According to a study by Blis out this week, consumers more than ever understand value: both brand value to them and their own value to brands. And this is very important shift in behaviour. Consumers now know they are of value – and that their data is also valuable. While the Facebook-Cambridge Analytica debacle should surprise no one, it also shows the total disconnect between brands – in this case Facebook – and how they perceive the understanding of their customers and their understanding of their value to the brand.
In short, Facebook treated its own customers like idiots – and it will reap what it has sown.
All other brands out there, however, are so far behind this idea of value that they can all catch up now… but only if they treat people well.

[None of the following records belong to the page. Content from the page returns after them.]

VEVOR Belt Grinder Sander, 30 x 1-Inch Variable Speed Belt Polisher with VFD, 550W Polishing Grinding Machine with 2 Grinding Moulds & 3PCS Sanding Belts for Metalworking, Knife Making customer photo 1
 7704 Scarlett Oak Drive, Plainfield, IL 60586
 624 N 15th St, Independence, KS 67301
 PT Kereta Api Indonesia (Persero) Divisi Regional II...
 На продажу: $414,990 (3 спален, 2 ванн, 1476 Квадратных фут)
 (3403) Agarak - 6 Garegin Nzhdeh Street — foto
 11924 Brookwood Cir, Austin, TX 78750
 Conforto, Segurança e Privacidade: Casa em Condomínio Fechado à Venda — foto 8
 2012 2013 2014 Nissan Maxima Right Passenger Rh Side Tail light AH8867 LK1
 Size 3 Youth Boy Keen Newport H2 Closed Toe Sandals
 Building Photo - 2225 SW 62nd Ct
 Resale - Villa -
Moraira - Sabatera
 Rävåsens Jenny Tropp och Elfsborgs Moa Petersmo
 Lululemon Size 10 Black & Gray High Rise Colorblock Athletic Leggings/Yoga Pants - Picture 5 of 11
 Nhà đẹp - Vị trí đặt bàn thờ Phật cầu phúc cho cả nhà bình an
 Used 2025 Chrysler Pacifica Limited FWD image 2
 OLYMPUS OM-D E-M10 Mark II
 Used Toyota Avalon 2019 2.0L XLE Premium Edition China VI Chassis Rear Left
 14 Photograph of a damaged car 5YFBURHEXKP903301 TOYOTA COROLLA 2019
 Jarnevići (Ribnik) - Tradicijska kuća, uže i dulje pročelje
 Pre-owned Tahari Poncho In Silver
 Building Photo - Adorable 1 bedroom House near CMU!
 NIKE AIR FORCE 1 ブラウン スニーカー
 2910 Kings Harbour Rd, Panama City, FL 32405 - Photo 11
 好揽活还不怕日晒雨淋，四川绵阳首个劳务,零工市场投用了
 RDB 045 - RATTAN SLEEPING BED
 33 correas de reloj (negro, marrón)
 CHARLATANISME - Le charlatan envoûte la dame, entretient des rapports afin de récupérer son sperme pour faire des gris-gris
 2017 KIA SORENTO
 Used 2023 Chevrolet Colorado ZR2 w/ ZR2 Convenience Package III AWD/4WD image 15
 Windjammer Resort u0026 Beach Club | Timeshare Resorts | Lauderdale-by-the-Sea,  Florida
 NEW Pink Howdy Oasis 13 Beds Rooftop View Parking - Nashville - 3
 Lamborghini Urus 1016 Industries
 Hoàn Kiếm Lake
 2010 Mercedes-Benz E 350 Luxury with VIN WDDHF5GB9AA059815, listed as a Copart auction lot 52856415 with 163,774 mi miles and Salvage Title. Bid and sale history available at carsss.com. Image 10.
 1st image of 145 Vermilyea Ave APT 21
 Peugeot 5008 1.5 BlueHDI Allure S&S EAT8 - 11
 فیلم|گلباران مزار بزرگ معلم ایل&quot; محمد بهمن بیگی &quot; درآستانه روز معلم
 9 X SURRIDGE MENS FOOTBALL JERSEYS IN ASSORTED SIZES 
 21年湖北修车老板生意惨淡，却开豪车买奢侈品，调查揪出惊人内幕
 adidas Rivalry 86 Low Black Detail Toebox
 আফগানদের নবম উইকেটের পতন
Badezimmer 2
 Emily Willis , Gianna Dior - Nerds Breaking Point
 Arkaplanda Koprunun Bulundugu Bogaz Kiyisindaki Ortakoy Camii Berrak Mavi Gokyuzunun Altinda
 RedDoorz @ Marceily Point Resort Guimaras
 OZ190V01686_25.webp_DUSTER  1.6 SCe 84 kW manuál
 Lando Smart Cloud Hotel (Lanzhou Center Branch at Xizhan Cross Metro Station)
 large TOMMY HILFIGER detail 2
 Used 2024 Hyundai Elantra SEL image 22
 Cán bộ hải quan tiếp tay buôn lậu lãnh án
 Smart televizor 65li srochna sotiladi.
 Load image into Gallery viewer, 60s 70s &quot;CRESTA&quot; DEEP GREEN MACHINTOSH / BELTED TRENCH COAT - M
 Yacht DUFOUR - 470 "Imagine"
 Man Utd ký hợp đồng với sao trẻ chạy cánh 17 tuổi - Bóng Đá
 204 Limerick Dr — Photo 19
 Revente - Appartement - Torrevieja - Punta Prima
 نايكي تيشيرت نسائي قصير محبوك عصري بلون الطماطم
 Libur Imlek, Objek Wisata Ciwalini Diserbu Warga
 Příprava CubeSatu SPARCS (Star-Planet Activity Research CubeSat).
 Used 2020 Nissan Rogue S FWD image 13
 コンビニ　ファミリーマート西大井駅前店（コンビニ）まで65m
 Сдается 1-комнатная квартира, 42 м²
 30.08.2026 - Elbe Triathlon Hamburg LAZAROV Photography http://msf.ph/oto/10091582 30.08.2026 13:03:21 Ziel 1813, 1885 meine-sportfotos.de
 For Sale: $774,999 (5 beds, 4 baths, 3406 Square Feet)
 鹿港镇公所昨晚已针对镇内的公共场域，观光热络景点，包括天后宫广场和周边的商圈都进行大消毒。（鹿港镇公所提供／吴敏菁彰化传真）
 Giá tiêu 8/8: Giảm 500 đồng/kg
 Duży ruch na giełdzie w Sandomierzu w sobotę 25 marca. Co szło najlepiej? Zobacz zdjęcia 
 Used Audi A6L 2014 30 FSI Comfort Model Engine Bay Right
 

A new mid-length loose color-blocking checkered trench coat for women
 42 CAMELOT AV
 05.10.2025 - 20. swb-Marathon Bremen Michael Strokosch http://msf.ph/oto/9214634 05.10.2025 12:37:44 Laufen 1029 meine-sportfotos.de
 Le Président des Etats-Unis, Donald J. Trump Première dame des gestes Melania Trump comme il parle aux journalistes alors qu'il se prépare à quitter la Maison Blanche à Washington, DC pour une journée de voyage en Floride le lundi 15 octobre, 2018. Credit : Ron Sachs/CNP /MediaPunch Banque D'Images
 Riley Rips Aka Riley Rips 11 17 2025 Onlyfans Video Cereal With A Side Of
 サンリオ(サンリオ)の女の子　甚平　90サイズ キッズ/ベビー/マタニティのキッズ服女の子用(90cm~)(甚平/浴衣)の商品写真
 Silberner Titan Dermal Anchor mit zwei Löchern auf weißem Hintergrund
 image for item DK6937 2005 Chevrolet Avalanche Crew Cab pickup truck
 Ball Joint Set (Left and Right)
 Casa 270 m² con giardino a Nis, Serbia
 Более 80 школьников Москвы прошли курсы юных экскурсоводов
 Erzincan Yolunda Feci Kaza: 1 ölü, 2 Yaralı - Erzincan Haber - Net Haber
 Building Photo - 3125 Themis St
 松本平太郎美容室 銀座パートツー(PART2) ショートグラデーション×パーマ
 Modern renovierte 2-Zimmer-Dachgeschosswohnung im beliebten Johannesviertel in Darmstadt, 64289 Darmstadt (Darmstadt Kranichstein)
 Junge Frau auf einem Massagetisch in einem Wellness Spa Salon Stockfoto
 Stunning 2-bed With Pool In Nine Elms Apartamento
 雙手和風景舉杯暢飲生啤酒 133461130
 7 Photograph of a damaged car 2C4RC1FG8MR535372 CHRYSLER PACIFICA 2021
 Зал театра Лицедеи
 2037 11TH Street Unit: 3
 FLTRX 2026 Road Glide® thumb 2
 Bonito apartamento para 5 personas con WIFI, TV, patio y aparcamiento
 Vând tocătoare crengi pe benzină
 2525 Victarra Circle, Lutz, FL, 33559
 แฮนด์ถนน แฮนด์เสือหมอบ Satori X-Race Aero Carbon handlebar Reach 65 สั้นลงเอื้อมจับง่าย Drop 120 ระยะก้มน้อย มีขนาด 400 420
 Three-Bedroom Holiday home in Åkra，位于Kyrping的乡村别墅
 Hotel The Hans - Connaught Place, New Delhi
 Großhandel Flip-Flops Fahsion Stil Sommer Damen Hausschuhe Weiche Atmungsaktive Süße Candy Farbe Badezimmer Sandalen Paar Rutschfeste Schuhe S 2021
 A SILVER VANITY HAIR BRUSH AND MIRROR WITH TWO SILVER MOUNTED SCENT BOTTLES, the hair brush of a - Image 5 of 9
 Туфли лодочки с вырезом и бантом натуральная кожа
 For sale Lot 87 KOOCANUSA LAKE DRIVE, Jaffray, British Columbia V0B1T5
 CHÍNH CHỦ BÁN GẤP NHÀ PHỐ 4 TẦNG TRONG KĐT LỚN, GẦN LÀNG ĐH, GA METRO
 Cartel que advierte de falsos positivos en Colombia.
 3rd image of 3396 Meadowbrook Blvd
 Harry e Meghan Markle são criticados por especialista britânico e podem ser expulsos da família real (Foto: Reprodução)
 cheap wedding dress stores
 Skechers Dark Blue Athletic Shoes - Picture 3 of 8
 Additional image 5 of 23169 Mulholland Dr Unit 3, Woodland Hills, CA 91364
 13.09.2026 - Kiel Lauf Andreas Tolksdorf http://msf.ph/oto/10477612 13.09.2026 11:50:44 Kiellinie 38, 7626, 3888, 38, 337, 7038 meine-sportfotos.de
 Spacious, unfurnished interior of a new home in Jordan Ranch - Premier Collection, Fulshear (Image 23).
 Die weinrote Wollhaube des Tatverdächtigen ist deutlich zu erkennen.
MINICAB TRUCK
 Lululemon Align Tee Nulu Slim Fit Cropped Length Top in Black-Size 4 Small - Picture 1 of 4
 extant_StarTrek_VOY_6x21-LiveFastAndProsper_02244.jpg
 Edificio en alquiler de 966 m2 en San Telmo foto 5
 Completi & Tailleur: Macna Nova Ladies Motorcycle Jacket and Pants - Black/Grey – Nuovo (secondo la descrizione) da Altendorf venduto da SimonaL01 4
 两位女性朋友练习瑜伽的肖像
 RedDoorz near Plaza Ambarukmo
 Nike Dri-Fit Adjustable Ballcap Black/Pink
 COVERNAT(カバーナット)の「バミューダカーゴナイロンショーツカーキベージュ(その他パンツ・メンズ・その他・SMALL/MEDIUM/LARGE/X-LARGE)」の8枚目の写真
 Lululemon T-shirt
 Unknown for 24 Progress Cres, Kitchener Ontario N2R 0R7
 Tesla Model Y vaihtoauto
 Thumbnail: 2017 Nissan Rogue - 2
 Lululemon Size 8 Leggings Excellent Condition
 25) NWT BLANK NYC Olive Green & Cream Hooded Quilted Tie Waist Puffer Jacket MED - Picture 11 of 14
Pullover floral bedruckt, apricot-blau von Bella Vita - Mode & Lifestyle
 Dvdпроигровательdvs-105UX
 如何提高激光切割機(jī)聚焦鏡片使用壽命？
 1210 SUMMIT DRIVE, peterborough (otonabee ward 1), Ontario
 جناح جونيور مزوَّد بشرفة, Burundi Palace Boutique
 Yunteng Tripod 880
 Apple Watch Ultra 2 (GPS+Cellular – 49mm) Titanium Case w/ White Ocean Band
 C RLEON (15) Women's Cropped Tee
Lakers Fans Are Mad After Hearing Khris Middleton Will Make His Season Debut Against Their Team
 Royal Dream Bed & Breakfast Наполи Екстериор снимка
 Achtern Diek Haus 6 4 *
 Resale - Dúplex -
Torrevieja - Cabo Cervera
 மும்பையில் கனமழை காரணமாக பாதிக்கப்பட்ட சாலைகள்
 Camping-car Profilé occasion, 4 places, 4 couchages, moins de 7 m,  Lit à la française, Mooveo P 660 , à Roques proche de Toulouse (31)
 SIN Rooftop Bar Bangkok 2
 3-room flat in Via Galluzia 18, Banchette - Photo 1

According to the Blis research, consumers now understand that their data is of value, but are only prepared to trade it on their terms – something Facebook really didn’t bother to think about.
And where Facebook has really gone wrong – and were many, many other brands are also erring – is that these new ‘conscious consumers’ are quick to judge, very slow to forgive and operate a strict ‘one strike and you’re out’ approach. So brands have to get things right: they have to use the consumer data wisely, reward them for it and never, ever mess up with it.
If you think this is market research clap trap then look at how many people – me included – have binned Facebook. Not only has social media largely run its course (it is now so boring and laden with clickbait and spam that it really does need to stop), but Facebook has really taken the cake. I don’t really know what it did or didn’t do, but in my mind it has harvested my data, sold it on and allowed Donald Trump and Brexit to triumph. Well, I’ve got to blame someone haven’t I?
While this all makes for good headlines, the question around data and how to use it is a vital one to any business – after all every business does marketing. GDPR and its focus on policing what is done to data should be focussing everyone’s mind on how to make best use of it. The Facebook episode should also be a wake-up call.
Understanding what data you have, what data you need and what you can or can’t do with that data is going to be hugely important going forward. But this does also largely miss the point that consumers are aware that you have their data. They are even happy for you to use it. But how you use it and when is something each is individually precious about.
Knowing what you can do with it verses what they want you to do with it is a big question that, post GDPR, should be the next thing that business ask each other.
Like all industries, the data industry is now ripe for disruption. Facebook is seen as ‘old’ in this world and it has been caught out doing something ‘old’ with its user data. Other, newer companies won’t be so cavalier: they will do this right. And like all disruptors will reap the rewards.